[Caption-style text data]
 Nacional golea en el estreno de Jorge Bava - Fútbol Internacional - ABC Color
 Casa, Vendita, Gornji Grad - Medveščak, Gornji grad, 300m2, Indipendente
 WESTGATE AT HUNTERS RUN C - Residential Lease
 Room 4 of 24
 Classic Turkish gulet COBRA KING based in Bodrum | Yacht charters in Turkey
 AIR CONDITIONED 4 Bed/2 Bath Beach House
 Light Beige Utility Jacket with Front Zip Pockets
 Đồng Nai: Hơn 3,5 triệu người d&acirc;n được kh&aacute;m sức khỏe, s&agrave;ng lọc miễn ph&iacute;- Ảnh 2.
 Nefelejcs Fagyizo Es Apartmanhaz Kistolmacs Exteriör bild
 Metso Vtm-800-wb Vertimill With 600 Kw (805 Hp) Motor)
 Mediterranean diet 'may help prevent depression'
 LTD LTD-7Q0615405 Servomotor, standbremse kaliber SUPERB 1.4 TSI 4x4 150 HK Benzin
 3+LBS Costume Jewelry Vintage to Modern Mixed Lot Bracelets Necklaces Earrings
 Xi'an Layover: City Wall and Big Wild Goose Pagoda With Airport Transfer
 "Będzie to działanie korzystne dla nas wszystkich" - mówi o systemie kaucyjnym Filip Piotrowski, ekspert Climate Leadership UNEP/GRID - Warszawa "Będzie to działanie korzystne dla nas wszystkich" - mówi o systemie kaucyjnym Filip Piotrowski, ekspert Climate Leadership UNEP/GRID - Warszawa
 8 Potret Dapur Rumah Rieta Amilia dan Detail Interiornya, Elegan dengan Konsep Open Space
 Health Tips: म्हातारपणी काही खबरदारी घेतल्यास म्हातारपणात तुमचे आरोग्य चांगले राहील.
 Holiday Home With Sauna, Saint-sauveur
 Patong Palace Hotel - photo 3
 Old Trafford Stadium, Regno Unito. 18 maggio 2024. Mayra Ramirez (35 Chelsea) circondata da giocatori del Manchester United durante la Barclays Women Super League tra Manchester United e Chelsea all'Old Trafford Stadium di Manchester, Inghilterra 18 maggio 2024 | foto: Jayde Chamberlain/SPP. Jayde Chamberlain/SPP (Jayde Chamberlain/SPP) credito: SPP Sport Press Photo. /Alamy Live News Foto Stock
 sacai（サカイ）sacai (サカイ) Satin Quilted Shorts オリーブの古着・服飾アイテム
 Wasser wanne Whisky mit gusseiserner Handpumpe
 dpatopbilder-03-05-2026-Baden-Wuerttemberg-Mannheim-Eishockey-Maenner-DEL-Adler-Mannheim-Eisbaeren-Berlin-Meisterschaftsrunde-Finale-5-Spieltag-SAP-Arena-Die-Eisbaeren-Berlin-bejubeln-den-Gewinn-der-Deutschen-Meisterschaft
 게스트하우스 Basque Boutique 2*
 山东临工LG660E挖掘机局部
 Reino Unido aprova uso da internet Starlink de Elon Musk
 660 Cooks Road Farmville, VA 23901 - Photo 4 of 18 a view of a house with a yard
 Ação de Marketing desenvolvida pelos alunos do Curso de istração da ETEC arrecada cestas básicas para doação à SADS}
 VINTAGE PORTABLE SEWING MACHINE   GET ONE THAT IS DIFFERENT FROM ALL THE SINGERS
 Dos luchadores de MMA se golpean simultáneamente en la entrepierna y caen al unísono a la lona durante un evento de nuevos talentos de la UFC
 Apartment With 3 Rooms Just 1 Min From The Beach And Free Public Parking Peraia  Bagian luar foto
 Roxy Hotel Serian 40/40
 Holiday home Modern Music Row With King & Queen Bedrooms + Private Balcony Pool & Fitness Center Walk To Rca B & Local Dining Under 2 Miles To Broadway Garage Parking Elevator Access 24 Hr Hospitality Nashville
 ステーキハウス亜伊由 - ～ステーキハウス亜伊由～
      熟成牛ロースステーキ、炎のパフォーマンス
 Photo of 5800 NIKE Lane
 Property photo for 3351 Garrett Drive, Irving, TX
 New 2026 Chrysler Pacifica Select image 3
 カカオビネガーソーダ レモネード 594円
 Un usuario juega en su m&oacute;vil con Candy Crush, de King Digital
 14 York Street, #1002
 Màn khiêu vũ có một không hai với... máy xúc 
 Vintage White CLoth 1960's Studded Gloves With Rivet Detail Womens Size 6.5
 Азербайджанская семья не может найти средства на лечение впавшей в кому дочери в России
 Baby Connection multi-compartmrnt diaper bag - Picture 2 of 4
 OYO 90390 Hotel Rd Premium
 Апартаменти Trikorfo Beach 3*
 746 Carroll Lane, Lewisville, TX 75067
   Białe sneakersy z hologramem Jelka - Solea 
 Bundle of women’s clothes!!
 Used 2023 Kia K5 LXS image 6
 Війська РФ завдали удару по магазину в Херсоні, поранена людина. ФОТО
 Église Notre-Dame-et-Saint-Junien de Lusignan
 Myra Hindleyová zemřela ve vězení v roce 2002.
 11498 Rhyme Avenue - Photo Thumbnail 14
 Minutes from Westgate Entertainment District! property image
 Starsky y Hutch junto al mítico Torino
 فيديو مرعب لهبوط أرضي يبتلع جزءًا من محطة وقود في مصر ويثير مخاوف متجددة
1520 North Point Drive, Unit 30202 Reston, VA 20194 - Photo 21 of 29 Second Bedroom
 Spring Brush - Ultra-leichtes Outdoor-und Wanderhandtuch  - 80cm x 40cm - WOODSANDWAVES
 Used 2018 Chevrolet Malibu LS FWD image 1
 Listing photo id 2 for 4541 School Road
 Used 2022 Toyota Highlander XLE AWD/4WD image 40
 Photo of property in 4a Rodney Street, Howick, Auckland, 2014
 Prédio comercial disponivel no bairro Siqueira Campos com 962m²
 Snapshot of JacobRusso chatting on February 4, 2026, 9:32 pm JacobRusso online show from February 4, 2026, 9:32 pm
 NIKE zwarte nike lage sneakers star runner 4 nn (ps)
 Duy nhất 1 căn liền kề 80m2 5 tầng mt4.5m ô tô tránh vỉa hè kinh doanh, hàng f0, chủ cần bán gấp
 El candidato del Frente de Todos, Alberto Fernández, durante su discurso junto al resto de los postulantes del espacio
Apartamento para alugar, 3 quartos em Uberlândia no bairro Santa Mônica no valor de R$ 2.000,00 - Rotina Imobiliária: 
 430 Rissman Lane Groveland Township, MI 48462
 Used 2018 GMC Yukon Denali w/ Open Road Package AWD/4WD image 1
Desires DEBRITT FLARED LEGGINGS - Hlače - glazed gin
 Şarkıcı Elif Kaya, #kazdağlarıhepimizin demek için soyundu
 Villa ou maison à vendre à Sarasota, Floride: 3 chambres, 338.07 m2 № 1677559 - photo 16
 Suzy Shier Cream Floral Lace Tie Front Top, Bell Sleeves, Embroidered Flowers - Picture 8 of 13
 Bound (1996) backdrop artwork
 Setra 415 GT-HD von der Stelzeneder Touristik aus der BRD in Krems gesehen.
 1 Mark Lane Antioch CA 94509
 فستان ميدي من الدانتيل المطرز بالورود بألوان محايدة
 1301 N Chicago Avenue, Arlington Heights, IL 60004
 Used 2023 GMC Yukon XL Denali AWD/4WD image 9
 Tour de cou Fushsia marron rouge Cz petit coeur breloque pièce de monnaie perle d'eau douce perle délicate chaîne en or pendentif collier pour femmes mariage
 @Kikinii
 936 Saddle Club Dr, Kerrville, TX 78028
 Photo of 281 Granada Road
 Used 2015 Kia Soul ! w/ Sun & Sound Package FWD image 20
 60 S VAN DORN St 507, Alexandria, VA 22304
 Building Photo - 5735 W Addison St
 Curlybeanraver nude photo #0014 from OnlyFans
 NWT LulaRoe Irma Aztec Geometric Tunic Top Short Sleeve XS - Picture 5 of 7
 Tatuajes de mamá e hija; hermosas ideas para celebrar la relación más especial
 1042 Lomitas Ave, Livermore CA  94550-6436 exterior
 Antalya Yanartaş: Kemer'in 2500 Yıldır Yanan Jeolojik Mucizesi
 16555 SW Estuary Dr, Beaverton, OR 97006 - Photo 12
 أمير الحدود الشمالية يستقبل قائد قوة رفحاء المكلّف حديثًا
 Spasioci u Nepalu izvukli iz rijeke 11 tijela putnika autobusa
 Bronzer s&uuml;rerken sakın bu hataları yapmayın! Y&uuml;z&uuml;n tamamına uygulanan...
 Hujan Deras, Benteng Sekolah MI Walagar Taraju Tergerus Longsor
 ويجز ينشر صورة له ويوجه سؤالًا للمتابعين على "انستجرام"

## Task item:
Give back, unchanged, the line that holds "Building Photo - 5735 W Addison St" along with all lines after it through the last line above.

## Reply to the exercise:
 Building Photo - 5735 W Addison St
 Curlybeanraver nude photo #0014 from OnlyFans
 NWT LulaRoe Irma Aztec Geometric Tunic Top Short Sleeve XS - Picture 5 of 7
 Tatuajes de mamá e hija; hermosas ideas para celebrar la relación más especial
 1042 Lomitas Ave, Livermore CA  94550-6436 exterior
 Antalya Yanartaş: Kemer'in 2500 Yıldır Yanan Jeolojik Mucizesi
 16555 SW Estuary Dr, Beaverton, OR 97006 - Photo 12
 أمير الحدود الشمالية يستقبل قائد قوة رفحاء المكلّف حديثًا
 Spasioci u Nepalu izvukli iz rijeke 11 tijela putnika autobusa
 Bronzer s&uuml;rerken sakın bu hataları yapmayın! Y&uuml;z&uuml;n tamamına uygulanan...
 Hujan Deras, Benteng Sekolah MI Walagar Taraju Tergerus Longsor
 ويجز ينشر صورة له ويوجه سؤالًا للمتابعين على "انستجرام"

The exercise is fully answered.